Open Science Framework

Open Science Framework (OSF) is a free and open source cloud-based data management system developed by the Center for Open Science (COS).

The following introduction is based on the OSF Guides.

Attention

osfclient is a Python module and command-line program for executing commands in OSF, such as uploading and downloading files and folders.

A tutorial on osfclient created for and by the Brain Circuits cluster is available as a Jupyter notebook. View a browser-friendly version of the notebook here.

OSF Institutions

UBC is an OSF Institution, which means researchers can affiliate their OSF account and projects with UBC and log into OSF is possible using their university credentials.

Public projects affiliated with UBC appear in the institutional portal: https://osf.openscience.ubc.ca/.

To find out how to connect your OSF account to UBC, visit the OSF FAQ page of the Open Science @ UBC website.

Storage and Backup

OSF uses Google Cloud for active and archival storage and Amazon Glacier as a backup location.

Note

OSF is maintained and developed by the Center for Open Science, which has established a $250,000 preservation fund in the event that COS closes down. This fund can preserve and maintain read access to hosted data for more than 50 years.

OSF is free due to the support of COS sponsors.

Location

The U.S. is OSF’s default storage location. A variety of storage locations are available, including Canada (Montreal). The global (default) storage location can be changed and will be applied to new projects and components. Each project and component can also have its own storage location.

Size limits

Attention

There is no limit on storage per project and no cap on the amount of OSF Storage per user. Direct upload of individual files to OSF Storage has a 5GB limit.

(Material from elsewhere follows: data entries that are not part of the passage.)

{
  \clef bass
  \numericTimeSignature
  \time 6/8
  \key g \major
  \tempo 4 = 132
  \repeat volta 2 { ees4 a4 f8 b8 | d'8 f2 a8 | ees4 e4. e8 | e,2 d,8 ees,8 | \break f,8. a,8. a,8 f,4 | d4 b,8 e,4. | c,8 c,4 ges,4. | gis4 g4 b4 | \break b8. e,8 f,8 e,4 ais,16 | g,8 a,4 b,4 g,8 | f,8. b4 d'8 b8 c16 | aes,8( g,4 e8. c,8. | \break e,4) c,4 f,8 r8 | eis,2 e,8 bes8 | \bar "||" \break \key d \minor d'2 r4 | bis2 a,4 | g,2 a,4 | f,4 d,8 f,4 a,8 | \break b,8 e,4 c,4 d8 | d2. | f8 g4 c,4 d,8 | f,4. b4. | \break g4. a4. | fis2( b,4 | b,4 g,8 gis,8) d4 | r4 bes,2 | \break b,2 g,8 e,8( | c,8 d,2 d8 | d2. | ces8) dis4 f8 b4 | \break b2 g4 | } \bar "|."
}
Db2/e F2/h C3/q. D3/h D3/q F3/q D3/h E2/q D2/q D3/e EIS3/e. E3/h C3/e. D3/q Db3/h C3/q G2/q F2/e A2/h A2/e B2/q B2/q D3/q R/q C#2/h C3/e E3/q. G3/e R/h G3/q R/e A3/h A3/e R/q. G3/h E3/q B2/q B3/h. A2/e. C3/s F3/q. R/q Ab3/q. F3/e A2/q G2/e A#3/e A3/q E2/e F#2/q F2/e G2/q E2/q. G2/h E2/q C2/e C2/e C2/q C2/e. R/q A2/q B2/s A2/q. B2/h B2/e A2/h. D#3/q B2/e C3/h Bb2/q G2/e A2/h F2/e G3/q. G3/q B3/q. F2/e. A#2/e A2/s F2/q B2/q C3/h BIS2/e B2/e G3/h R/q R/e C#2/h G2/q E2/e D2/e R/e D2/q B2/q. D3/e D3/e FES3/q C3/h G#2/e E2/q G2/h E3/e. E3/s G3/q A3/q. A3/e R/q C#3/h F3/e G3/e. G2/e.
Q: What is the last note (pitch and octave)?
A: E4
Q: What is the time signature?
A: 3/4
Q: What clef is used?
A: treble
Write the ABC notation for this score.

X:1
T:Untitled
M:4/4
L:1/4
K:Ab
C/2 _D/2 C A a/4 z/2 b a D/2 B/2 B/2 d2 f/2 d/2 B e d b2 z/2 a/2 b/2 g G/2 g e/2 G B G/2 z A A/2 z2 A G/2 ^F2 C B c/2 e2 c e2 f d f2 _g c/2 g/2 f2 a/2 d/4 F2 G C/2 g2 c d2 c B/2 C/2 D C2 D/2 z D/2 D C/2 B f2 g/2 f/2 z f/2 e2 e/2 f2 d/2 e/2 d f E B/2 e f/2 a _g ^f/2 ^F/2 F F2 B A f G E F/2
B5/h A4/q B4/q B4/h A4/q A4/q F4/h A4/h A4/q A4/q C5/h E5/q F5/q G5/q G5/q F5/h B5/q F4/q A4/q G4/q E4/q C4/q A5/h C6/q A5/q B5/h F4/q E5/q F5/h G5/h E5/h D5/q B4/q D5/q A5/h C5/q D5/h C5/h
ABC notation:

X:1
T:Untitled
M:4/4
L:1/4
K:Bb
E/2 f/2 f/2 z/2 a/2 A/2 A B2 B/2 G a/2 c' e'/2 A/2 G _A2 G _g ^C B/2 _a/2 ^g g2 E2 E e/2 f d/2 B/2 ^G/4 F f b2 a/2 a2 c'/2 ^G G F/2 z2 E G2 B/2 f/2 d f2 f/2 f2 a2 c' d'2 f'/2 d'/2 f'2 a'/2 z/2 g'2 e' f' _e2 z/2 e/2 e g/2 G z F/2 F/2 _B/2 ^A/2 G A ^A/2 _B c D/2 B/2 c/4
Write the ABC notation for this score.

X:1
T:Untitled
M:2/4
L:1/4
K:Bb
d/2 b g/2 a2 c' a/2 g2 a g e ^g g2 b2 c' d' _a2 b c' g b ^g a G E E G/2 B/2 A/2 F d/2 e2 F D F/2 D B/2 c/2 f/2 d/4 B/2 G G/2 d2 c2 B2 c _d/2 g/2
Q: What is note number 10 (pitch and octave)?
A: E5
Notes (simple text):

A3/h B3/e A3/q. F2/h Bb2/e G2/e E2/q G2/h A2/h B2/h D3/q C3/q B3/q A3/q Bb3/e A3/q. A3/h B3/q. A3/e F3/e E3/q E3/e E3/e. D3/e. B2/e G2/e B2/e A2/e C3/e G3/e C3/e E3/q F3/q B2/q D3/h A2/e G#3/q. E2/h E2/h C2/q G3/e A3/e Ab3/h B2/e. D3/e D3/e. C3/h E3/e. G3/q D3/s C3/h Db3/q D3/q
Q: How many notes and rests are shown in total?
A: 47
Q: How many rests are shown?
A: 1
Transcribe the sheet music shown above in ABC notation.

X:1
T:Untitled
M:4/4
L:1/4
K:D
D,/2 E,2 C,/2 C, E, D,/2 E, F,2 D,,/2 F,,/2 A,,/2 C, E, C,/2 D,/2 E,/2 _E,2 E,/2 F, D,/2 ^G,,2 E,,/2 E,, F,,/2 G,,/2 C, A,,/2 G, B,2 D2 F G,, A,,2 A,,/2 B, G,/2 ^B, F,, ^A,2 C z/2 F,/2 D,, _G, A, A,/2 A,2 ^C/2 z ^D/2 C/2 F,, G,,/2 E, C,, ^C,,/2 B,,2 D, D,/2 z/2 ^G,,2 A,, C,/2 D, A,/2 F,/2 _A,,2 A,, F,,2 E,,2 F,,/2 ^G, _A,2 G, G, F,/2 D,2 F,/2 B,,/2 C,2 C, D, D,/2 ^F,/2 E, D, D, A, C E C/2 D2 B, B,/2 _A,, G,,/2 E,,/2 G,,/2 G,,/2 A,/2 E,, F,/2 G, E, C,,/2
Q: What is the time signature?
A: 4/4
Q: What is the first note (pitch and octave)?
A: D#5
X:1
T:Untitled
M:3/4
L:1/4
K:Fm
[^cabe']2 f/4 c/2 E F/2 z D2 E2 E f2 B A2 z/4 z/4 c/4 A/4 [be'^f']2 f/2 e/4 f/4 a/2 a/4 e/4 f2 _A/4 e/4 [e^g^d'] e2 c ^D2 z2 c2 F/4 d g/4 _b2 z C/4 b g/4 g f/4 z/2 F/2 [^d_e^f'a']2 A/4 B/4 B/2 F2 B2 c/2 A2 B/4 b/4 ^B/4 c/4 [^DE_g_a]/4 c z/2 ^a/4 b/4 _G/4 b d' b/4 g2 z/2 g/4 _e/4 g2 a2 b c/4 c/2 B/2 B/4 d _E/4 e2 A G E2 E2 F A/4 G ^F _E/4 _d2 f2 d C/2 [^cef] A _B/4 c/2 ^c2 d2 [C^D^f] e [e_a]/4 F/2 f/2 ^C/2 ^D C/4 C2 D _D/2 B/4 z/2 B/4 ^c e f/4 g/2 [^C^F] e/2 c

Third-party add-ons like Dropbox can be used to integrate different services already in use and connect them to OSF to allow access to existing data/materials. There is no limit for the amount of storage used across add-ons.

Add-ons

Citation add-ons

There are two reference managers supported by OSF:

Storage add-ons

If data needed for a project already exists in one of the services below, it can be connected to OSF rather than transferring it. This feature is also useful if a file exceeds the 5GB limit for upload.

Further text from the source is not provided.